Re: Improve the performance of Unicode Normalization Forms.

From: Henson Choi <assam258(at)gmail(dot)com>
To: Alexander Borisov <lex(dot)borisov(at)gmail(dot)com>
Cc: Michael Paquier <michael(at)paquier(dot)xyz>, Heikki Linnakangas <hlinnaka(at)iki(dot)fi>, Jeff Davis <pgsql(at)j-davis(dot)com>, PostgreSQL Hackers <pgsql-hackers(at)postgresql(dot)org>
Subject: Re: Improve the performance of Unicode Normalization Forms.
Date: 2026-05-05 08:02:22
Message-ID: CAAAe_zCPd0i58viVqikOmLsTBMhP46E1FjSKFka6Ms3zsSDTxQ@mail.gmail.com
Views: Whole Thread | Raw Message | Download mbox | Resend email
Thread:
Lists: pgsql-hackers

Hi Alexander,

Thank you for the patch. I applied v10 to a clean checkout, built it,
and ran the regression suite — all tests pass. Nice work.

I have attached a review report below.

Detailed gcov coverage in HTML format is included in coverage.tgz.

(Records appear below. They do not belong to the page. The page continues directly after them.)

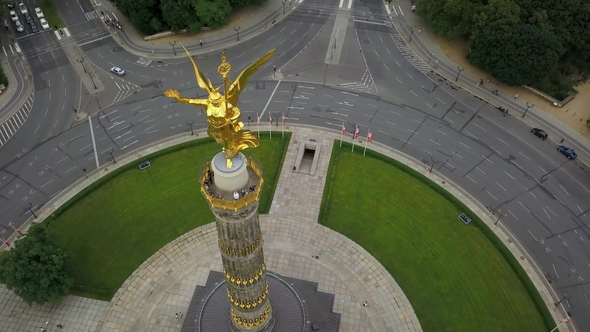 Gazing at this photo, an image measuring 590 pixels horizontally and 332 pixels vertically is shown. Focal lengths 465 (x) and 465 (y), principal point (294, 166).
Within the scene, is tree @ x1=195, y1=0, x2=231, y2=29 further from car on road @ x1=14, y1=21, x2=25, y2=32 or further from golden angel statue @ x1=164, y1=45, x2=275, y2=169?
golden angel statue @ x1=164, y1=45, x2=275, y2=169

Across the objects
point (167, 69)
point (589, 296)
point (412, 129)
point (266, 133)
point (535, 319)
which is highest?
point (167, 69)

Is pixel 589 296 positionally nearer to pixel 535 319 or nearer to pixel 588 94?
pixel 535 319

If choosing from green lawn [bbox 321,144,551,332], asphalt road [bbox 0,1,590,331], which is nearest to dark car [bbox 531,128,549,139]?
asphalt road [bbox 0,1,590,331]

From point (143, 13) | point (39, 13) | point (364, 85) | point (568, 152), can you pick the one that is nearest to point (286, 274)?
point (364, 85)

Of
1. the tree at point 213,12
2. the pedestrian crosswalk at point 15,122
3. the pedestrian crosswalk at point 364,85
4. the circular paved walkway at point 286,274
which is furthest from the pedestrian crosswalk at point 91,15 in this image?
the circular paved walkway at point 286,274

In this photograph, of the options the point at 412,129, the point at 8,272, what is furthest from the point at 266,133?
the point at 8,272

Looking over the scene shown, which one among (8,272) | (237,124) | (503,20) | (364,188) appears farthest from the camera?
(503,20)

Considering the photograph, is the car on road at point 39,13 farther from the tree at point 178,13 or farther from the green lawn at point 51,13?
the tree at point 178,13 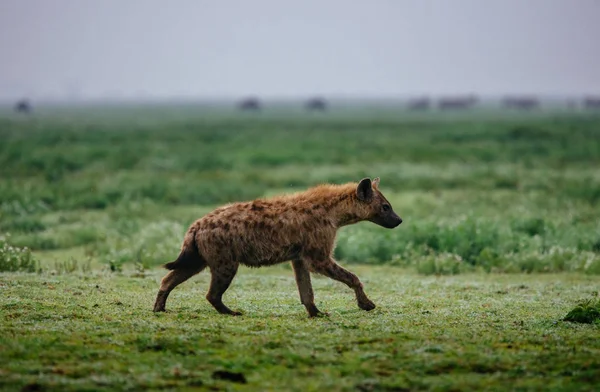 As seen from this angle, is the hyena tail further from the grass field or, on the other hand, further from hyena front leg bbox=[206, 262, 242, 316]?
the grass field

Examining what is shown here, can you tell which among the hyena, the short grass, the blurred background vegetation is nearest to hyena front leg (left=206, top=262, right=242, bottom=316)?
the hyena

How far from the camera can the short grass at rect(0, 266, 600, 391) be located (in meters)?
7.49

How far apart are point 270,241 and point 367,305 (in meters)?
1.41

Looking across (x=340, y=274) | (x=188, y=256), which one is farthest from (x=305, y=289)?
(x=188, y=256)

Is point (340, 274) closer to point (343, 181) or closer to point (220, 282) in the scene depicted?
point (220, 282)

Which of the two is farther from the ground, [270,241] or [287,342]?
[270,241]

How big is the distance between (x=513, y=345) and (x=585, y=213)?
569 inches

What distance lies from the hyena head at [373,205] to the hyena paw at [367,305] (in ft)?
3.50

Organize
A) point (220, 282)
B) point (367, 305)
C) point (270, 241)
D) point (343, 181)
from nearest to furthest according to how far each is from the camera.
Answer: point (220, 282)
point (270, 241)
point (367, 305)
point (343, 181)

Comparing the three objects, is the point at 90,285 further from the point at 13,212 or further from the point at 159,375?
the point at 13,212

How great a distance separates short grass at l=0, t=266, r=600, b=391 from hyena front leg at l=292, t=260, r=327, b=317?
0.24 m

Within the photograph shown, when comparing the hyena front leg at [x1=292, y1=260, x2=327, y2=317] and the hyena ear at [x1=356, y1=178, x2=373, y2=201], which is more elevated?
the hyena ear at [x1=356, y1=178, x2=373, y2=201]

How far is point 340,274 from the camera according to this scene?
35.0 feet

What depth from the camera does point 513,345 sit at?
8.73 metres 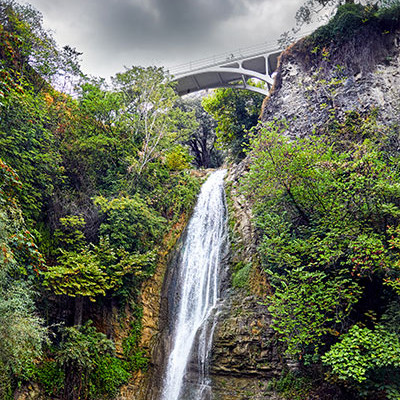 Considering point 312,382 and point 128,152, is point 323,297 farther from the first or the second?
point 128,152

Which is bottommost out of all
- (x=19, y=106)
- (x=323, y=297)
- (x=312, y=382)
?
(x=312, y=382)

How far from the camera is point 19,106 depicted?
945 centimetres

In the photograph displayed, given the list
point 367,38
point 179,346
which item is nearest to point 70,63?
point 179,346

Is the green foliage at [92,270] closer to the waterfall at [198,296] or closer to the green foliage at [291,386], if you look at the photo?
the waterfall at [198,296]

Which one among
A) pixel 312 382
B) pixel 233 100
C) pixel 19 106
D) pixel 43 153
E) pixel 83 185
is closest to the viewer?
pixel 312 382

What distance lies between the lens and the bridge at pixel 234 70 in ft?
62.2

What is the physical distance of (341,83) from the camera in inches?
511

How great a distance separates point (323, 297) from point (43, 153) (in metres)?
9.71

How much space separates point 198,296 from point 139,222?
3.40 metres

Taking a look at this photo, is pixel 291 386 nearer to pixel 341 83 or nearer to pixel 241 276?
pixel 241 276

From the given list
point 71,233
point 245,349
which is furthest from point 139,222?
point 245,349

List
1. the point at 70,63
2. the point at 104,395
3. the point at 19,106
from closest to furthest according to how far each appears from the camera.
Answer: the point at 104,395 → the point at 19,106 → the point at 70,63

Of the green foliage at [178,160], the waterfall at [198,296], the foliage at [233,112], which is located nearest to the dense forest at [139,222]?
the waterfall at [198,296]

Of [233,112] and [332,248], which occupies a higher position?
[233,112] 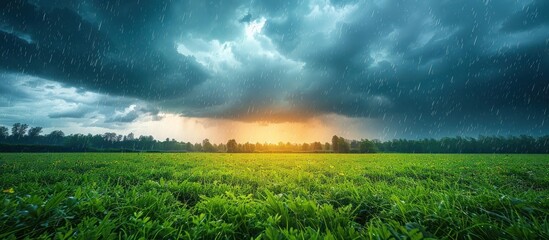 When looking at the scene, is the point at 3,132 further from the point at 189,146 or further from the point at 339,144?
the point at 339,144

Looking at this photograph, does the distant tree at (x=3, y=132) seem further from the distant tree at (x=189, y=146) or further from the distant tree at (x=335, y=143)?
the distant tree at (x=335, y=143)

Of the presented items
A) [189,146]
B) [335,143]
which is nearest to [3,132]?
[189,146]

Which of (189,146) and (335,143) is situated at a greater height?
(335,143)

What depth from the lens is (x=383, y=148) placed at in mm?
120625

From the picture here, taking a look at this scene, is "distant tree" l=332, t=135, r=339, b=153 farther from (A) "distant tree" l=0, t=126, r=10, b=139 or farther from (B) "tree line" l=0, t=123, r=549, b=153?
(A) "distant tree" l=0, t=126, r=10, b=139

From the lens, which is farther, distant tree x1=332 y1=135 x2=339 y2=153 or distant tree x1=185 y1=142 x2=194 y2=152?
distant tree x1=185 y1=142 x2=194 y2=152

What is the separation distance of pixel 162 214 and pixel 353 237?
7.15 ft

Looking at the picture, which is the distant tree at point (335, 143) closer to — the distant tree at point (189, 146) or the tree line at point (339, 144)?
the tree line at point (339, 144)

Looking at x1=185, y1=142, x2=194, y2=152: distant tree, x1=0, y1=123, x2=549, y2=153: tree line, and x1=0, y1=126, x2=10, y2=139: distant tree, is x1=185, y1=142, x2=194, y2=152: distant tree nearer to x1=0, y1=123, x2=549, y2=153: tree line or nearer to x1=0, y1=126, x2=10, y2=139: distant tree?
x1=0, y1=123, x2=549, y2=153: tree line

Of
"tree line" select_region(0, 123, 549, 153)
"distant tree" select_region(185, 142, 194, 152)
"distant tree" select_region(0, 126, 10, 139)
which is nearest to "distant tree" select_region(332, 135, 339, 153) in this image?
"tree line" select_region(0, 123, 549, 153)

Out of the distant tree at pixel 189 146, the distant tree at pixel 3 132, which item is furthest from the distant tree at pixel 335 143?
the distant tree at pixel 3 132

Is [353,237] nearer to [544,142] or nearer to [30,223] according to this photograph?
[30,223]

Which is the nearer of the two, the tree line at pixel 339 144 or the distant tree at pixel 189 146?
the tree line at pixel 339 144

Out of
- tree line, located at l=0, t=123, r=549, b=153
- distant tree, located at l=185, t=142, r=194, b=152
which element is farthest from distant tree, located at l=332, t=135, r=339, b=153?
distant tree, located at l=185, t=142, r=194, b=152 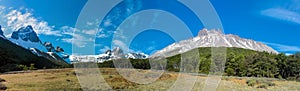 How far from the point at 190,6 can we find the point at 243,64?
89.2 m

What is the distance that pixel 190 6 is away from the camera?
949 inches

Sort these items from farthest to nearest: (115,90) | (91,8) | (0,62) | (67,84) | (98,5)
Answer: (0,62), (67,84), (115,90), (98,5), (91,8)

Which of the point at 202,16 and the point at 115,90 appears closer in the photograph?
the point at 202,16

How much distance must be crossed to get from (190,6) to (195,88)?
2358 cm

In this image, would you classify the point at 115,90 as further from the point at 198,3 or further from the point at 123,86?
the point at 198,3

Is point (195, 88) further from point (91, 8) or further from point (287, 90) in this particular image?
point (91, 8)

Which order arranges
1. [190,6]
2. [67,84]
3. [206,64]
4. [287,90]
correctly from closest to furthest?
[190,6], [67,84], [287,90], [206,64]

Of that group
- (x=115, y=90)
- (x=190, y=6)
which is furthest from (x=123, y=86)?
(x=190, y=6)

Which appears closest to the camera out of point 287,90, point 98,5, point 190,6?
point 98,5

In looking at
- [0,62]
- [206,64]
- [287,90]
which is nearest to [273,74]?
[206,64]

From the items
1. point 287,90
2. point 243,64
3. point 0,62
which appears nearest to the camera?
point 287,90

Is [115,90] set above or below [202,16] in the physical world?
below

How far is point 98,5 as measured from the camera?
22422mm

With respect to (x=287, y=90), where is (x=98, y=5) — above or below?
above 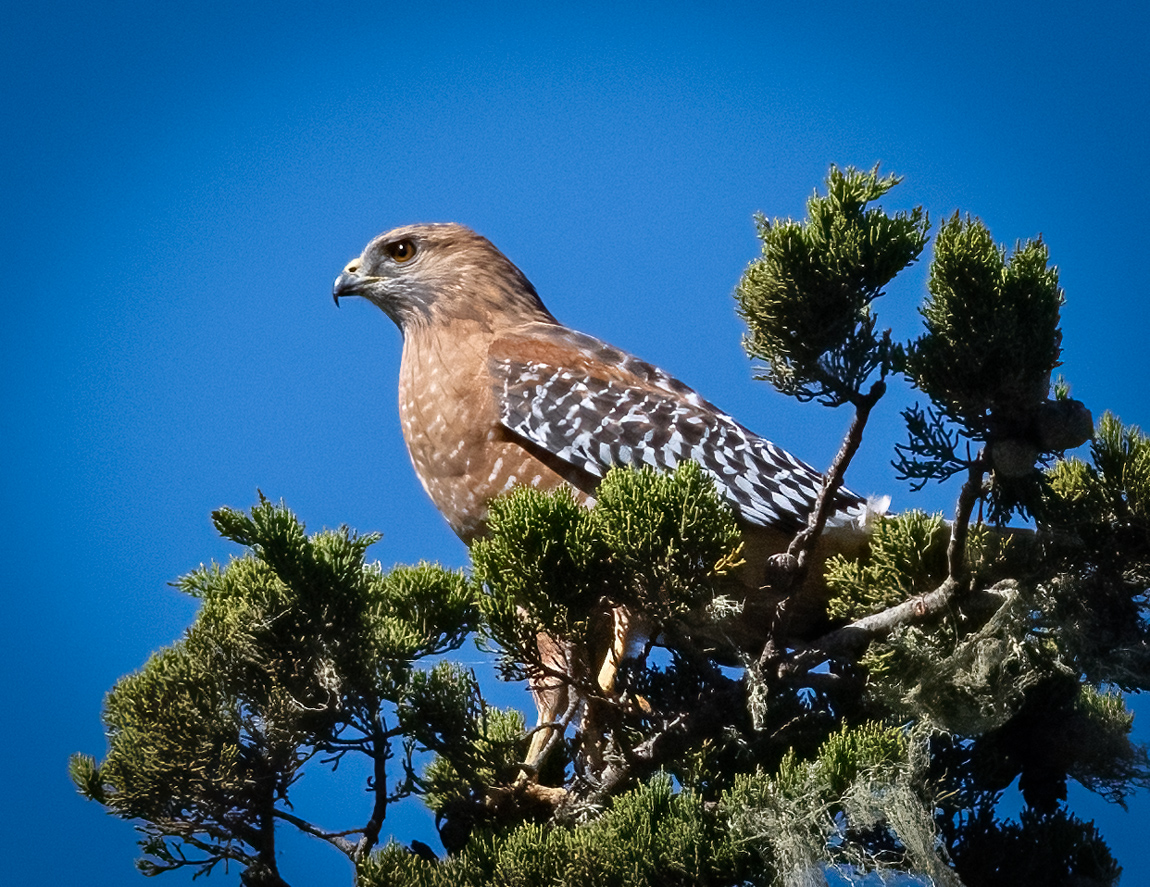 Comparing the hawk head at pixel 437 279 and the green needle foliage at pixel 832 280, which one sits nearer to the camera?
the green needle foliage at pixel 832 280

Unicode Normalization Performance Patch Review
===============================================

Patch: Improve the performance of Unicode Normalization Forms
Commitfest: https://commitfest.postgresql.org/patch/5802

Review Methodology:
Quality assessment focused on key code paths and coverage analysis.
Code coverage measured using gcov (modified lines only), supplemented
by normalization-check (NormalizationTest.txt).

Limitations:
- Not a security audit or formal verification

TABLE OF CONTENTS
-----------------

1. Executive Summary
2. Issues Found
2.1 Critical / Major
2.2 Minor (Review Needed)
3. Test Coverage
3.1 Covered Areas
3.2 Untested Items
4. Code Coverage Analysis
4.1 Overall Coverage
4.2 Uncovered Code Risk Assessment
5. Commit Analysis
6. Recommendations
7. Conclusion

1. EXECUTIVE SUMMARY
--------------------

Overall assessment: GOOD

The patch replaces two separate lookup mechanisms (bsearch for FRONTEND,
perfect hash for BACKEND) with a single two-level sparse array. This
unifies code paths that diverged in 2020 for pragmatic reasons, and
shrinks the generated table from ~19K to ~9K lines. The approach is
well-established in Unicode processing libraries (CPython, ICU, Tcl).
No critical issues found.

Performance was measured both by the author and independently by Jeff Davis
using ICU v76.1 test data (100 iterations, ICU collation test strings):

Without patch: NFD 9.1s NFC 14.5s
With patch: NFD 1.6s NFC 3.0s
ICU v76.1: NFD 1.9s NFC 1.1s

Thread: https://postgr.es/m/7859e5ef-a574-4199-a69b-6fee26711521@gmail.com

Rating by Area:
- Code Quality: Good (clean unification, no style violations)
- Test Coverage: Adequate (95.4% modified-line coverage)
- Documentation: N/A (no user-facing documentation changes)
- Build/Regress: Pass

2. ISSUES FOUND
---------------

2.1 Critical / Major

None.

2.2 Minor (Review Needed)

#1 [Design] GenerateSparseArray.pm - zero value dual semantics

Index value 0 serves as both "entry not found" and a valid array
index. This works today because all callers reserve position 0 as a
null entry, but the convention is implicit and unenforced. A future
caller that does not follow it would silently return wrong data.
Jeff Davis suggested #define EMPTY 0xFFFF to make the sentinel
explicit. The author's response was non-committal. This remains open.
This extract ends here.